◆ **ABOUT THIS TASK**
Set out exactly, line by line, the stretch of data below that begins at the line containing "Yacht Photos Pics" and ends at the line containing "a large white", with both ends kept.

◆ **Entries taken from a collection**
________
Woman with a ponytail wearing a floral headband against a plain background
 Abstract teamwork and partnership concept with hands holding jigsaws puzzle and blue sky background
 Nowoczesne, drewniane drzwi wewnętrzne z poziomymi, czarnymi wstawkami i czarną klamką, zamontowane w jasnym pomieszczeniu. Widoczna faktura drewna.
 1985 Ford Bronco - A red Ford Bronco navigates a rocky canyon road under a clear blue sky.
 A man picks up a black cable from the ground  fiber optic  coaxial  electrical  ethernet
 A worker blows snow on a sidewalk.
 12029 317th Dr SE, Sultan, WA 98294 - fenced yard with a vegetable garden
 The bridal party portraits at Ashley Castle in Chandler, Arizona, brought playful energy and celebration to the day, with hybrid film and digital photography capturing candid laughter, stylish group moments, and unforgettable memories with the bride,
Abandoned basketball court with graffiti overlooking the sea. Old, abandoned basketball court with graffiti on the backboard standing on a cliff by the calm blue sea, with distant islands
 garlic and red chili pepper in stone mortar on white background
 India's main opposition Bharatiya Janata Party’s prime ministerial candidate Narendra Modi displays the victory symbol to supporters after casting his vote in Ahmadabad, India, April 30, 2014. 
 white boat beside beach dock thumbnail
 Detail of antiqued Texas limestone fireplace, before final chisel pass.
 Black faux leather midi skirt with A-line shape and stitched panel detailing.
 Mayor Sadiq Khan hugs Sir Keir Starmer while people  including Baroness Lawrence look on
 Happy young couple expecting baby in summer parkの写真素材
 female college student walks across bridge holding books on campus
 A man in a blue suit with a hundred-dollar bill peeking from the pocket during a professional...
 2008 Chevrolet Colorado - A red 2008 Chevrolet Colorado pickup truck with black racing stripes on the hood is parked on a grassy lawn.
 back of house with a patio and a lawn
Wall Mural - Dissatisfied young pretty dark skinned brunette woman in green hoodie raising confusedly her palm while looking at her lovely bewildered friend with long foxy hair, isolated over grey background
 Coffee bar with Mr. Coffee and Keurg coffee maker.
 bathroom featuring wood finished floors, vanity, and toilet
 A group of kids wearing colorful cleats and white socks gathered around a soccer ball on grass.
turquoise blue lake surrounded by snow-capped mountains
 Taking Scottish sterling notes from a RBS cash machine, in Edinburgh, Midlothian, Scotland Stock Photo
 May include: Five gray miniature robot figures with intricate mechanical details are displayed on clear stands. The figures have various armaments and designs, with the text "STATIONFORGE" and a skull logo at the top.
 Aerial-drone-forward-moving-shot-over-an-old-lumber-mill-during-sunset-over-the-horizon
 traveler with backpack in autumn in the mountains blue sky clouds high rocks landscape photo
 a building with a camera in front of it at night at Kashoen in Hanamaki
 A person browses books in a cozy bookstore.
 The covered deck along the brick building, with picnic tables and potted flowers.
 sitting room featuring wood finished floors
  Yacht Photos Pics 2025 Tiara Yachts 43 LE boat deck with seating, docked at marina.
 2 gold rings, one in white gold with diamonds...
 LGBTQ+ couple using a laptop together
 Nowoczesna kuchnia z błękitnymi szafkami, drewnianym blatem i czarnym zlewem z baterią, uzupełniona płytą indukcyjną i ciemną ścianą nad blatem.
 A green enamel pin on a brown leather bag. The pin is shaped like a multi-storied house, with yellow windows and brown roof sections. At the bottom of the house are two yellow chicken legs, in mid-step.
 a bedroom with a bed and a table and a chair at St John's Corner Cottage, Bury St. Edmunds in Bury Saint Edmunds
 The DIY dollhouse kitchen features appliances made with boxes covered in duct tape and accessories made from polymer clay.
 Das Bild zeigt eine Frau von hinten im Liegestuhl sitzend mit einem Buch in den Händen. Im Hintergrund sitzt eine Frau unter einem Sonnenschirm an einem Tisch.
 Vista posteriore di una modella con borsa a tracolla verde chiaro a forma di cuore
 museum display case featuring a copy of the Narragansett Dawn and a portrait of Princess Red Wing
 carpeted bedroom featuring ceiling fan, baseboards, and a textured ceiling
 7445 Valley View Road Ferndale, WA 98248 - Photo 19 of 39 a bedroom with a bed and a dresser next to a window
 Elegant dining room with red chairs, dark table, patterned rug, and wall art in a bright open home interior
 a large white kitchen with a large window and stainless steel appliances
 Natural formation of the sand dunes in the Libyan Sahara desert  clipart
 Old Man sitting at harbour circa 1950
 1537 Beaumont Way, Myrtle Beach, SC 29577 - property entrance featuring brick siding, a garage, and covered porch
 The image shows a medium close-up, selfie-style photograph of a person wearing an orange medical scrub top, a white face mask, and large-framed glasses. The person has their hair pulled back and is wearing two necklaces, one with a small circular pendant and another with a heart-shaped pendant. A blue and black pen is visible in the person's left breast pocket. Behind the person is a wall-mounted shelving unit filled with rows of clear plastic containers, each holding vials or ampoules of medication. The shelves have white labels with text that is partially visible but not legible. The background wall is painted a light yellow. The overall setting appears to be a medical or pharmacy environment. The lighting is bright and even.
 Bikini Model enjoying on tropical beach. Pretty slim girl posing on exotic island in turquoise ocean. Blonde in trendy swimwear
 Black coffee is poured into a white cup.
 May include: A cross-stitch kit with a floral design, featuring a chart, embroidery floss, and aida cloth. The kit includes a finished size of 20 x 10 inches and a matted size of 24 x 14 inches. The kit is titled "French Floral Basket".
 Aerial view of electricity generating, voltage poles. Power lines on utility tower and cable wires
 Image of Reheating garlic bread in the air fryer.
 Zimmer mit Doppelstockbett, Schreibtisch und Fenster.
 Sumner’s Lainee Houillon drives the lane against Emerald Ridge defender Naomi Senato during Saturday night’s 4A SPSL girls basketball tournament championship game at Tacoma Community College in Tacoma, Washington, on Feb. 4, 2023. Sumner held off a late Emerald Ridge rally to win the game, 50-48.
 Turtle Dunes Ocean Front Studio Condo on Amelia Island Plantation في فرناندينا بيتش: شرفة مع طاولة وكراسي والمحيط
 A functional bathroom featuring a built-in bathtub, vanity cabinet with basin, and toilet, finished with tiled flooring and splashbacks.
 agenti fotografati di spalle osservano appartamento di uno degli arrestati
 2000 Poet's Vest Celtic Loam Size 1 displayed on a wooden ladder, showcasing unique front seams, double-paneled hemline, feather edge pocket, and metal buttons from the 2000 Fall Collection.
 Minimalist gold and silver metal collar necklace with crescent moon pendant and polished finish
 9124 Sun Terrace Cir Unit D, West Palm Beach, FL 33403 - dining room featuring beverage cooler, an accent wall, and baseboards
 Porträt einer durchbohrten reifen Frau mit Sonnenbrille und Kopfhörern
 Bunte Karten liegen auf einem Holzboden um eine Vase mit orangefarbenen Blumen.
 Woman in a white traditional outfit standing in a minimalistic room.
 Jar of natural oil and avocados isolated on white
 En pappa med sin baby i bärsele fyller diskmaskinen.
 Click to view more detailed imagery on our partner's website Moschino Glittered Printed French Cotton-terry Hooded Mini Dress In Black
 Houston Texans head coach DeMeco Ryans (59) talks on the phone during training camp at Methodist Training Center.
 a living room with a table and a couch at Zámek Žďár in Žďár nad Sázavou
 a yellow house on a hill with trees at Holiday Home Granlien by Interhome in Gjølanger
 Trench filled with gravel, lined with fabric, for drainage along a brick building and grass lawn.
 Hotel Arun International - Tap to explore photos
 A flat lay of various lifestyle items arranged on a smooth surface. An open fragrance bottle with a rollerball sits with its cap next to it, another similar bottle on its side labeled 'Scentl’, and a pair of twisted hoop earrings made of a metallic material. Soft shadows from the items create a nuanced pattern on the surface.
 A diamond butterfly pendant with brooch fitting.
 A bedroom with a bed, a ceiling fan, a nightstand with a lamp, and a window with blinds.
________
◆ **WRITTEN SOLUTION**
  Yacht Photos Pics 2025 Tiara Yachts 43 LE boat deck with seating, docked at marina.
 2 gold rings, one in white gold with diamonds...
 LGBTQ+ couple using a laptop together
 Nowoczesna kuchnia z błękitnymi szafkami, drewnianym blatem i czarnym zlewem z baterią, uzupełniona płytą indukcyjną i ciemną ścianą nad blatem.
 A green enamel pin on a brown leather bag. The pin is shaped like a multi-storied house, with yellow windows and brown roof sections. At the bottom of the house are two yellow chicken legs, in mid-step.
 a bedroom with a bed and a table and a chair at St John's Corner Cottage, Bury St. Edmunds in Bury Saint Edmunds
 The DIY dollhouse kitchen features appliances made with boxes covered in duct tape and accessories made from polymer clay.
 Das Bild zeigt eine Frau von hinten im Liegestuhl sitzend mit einem Buch in den Händen. Im Hintergrund sitzt eine Frau unter einem Sonnenschirm an einem Tisch.
 Vista posteriore di una modella con borsa a tracolla verde chiaro a forma di cuore
 museum display case featuring a copy of the Narragansett Dawn and a portrait of Princess Red Wing
 carpeted bedroom featuring ceiling fan, baseboards, and a textured ceiling
 7445 Valley View Road Ferndale, WA 98248 - Photo 19 of 39 a bedroom with a bed and a dresser next to a window
 Elegant dining room with red chairs, dark table, patterned rug, and wall art in a bright open home interior
 a large white kitchen with a large window and stainless steel appliances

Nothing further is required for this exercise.